Train regional hospitals to solve birth defects

A section of Entebbe Regional Referral Hospital. PHOTO/PAUL ADUDE

What you need to know:

  • The issue: Birth defects
  • Our view: Government needs to establish paediatric theatres in the regions to enable doctors to correct these anomalies before they escalate. 

Figures show that the current infant mortality rate for Uganda is 39.171 deaths per 1,000 live births, a 3.43 percent decline from 2022. 

The infant mortality rate for Uganda in 2022 was 40.564 deaths per 1,000 live births, a 3.32 percent decline from 2021.

All those show an improvement in the health sector which is often at the centre of discussions, along with the education sector.  

Health is perhaps the easiest to score points. The government will use it to show that it’s on the right path. 

The Opposition will rush to point out the deficiencies to justify the need to change. 
Civil society and everyone in between will easily gain traction by highlighting the challenges and how those can be overcome. 

The only one without a really loud voice in this debate is often the citizen who is the primary consumer of health services – both good and bad.

It’s your choice to celebrate or bemoan the aforementioned figures but whatever call you make, it’s extremely sad that women still die in child labour.

The decline is largely down to the fact that more and more women are choosing to deliver in health facilities and shunning traditional birth attendants. 

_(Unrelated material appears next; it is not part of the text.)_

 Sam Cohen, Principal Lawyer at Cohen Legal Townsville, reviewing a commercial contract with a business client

Put simply – there are less women giving birth in banana plantations. Now, there is a growing challenge that needs to be solved fast. 

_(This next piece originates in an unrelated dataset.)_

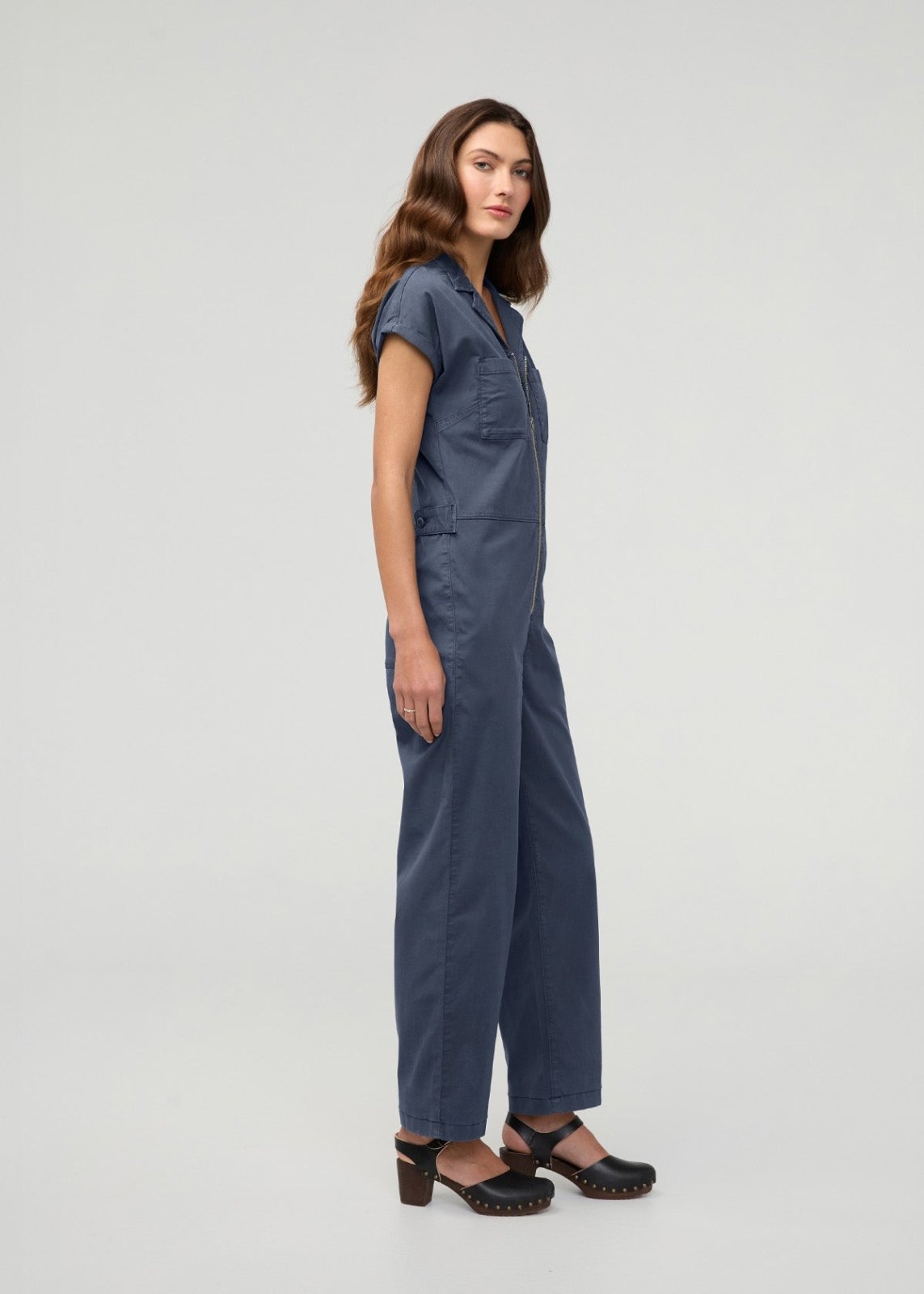 Woman wearing a blue boiler suit with short sleeves, front zipper, and chest pockets, paired with black platform clogs.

Experts have found that there is an increasing number of cases involving babies who are born without anal openings and other related birth defects.

Health workers say the number of babies with the condition, also known as “imperforate anus”, is increasing, especially in the countryside.

Most of these can be corrected through surgery while the baby is still young. Some of these defects include hearing and sight difficulties among others.

Few of these babies get the attention at birth because the midwives doing the job may not have the tools of expertise to check and rule out these defects. 

As the babies grow, most of these are discovered. At this point, the cost of corrective surgeries is high unlike if these were conducted earlier. 

That’s how we often end up with fundraising campaigns of desperate parents and caregivers seeking exorbitant fees to have the lucky ones undergo surgery. 

We don’t always have to let everything reach crisis levels like we have with floods. 

Government needs to establish paediatric theatres in the regions to enable doctors to correct these anomalies before they escalate. 

By doing so, the cost of having to send children to India and everywhere else for surgeries that may cost many times more will be minimised.